Am I being unfair to schools? Maybe, but maybe not. I realize that there are significant issues associated with AI use in schools. But that’s been true of other technologies. Honestly, schools face a wide range of issues, from budgets and funding to teacher recruitment and retention, and lingering impacts of the pandemic, among others. Schools certainly don’t have it easy.
So, where is all of this headed? My guess is that AI use in schools will follow the traditional trajectories of other technologies. There will be uneven use, with some teachers using AI and others not using it. Its use will be left up to the individual teacher. Some use will be effective and beneficial, most will be low-level use that supports current practice. There will be some interesting work by some teachers, with serious and thoughtful use designed to better understand AI and how it supports teaching and learning.

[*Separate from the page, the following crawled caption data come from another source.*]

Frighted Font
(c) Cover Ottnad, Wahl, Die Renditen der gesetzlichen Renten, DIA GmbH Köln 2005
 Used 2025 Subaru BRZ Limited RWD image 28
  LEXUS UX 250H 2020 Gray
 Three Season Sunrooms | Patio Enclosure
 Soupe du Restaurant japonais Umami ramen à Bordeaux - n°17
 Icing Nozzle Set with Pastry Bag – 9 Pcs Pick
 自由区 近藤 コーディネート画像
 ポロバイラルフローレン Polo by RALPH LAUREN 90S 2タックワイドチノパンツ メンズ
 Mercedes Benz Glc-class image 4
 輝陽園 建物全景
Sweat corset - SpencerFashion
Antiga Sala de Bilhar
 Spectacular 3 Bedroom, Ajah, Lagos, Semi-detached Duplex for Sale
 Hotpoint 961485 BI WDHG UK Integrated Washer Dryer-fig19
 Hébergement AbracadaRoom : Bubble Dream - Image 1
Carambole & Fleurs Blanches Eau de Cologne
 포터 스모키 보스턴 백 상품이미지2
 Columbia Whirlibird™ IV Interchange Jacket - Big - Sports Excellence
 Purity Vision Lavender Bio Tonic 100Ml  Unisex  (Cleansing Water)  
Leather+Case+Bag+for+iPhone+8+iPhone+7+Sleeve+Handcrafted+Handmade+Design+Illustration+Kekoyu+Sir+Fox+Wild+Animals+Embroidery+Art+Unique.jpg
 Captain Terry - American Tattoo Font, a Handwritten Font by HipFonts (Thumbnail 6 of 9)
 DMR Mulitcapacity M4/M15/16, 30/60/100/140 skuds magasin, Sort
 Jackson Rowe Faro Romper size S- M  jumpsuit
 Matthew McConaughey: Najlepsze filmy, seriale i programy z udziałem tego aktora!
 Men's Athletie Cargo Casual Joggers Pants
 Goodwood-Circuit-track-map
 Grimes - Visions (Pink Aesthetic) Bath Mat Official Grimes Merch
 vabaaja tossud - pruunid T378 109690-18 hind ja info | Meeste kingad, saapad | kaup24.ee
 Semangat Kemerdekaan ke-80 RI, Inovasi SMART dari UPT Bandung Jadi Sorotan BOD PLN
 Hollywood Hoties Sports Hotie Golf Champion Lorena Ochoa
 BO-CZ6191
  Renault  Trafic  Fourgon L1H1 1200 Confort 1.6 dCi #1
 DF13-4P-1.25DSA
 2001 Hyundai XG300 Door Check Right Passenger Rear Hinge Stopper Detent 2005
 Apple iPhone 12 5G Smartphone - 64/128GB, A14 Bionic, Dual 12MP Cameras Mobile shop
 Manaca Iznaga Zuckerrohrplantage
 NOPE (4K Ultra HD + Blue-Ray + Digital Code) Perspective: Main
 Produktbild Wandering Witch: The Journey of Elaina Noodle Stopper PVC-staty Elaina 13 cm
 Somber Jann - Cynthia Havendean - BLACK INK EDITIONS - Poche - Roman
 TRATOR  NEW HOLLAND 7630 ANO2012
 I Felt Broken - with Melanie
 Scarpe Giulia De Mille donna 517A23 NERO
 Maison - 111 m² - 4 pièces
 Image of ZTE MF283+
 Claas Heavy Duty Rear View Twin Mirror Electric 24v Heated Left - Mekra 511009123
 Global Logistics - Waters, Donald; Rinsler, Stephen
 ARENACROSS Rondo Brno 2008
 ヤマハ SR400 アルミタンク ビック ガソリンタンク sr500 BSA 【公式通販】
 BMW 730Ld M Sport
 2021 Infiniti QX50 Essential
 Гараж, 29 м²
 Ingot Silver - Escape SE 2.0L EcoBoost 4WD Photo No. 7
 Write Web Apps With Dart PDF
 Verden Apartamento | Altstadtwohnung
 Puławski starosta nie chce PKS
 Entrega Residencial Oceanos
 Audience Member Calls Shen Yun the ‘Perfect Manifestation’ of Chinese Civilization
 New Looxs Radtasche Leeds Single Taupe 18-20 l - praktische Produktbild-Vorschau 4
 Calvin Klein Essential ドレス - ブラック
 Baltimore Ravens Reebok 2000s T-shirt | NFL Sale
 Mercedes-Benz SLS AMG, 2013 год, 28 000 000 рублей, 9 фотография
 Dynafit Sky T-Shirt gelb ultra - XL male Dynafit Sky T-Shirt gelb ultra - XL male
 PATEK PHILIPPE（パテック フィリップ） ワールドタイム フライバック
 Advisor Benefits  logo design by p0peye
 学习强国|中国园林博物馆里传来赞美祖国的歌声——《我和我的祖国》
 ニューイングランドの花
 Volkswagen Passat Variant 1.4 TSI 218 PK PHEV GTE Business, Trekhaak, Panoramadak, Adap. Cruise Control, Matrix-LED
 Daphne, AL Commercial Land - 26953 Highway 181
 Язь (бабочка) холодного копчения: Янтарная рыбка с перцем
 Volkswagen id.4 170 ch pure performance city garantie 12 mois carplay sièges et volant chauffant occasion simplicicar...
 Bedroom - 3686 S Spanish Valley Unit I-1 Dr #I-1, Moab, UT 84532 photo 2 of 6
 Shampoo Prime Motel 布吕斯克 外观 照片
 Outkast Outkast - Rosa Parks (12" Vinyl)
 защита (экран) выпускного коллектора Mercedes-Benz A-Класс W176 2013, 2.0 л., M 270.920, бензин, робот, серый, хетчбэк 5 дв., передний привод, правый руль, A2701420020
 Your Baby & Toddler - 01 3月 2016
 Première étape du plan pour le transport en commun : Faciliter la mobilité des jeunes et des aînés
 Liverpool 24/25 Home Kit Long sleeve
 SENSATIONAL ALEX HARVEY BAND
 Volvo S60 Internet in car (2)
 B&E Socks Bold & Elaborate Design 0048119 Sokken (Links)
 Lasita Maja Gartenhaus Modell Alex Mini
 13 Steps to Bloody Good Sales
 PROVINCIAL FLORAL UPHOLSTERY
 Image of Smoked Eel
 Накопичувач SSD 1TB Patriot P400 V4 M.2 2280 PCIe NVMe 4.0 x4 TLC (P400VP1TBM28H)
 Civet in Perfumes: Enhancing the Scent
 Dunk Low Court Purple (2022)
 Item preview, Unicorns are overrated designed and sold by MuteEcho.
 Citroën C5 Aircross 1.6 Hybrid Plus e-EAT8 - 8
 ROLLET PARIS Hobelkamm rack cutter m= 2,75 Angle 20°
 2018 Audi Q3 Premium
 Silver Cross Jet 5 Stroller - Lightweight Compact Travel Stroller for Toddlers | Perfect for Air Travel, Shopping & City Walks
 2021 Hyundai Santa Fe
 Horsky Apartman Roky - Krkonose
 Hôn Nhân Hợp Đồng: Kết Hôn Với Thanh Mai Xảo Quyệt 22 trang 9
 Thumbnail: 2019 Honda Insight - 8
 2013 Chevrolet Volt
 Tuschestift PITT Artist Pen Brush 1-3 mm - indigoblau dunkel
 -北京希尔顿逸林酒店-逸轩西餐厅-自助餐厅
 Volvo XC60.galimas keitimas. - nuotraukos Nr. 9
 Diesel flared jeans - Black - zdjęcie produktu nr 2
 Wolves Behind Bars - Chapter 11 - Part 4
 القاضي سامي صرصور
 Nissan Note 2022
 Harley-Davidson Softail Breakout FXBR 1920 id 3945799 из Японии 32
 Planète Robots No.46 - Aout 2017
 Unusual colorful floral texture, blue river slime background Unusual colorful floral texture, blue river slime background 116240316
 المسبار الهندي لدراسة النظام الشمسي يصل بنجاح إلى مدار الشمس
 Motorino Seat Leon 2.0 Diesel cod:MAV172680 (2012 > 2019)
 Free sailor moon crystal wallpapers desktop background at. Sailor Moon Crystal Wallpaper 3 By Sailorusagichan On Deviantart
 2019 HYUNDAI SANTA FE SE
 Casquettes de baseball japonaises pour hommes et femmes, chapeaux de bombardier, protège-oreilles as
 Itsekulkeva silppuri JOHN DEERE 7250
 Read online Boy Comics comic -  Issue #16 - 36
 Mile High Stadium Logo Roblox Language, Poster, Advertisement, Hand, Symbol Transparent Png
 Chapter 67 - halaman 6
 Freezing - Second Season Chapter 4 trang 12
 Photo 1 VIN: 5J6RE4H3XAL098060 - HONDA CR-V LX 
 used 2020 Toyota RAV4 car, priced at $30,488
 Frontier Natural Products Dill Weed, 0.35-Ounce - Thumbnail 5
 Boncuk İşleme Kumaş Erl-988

The student experience will be variable, with some students getting exposure to AI, while others will not, based on the luck of the draw in their scheduling and what teachers they have and the teacher’s perspective on the classroom use of AI. But for the most part, the textbook, assigning the odds in math class, and the five-paragraph essay will live on, continuing to threaten the relevance of schools in a world rapidly reshaped by AI. Without a strategic, system-wide reimagining of what learning looks like in an AI-rich era, schools risk becoming more disconnected from the tools, skills, and ways of thinking that define the present and will undoubtedly determine the future. If schools continue to rely on outdated approaches and thinking, familiar curriculum and assignments, and fragmented implementation, they will not only miss an opportunity to evolve but also fail to prepare students for the complexities and demands of the world they are stepping into.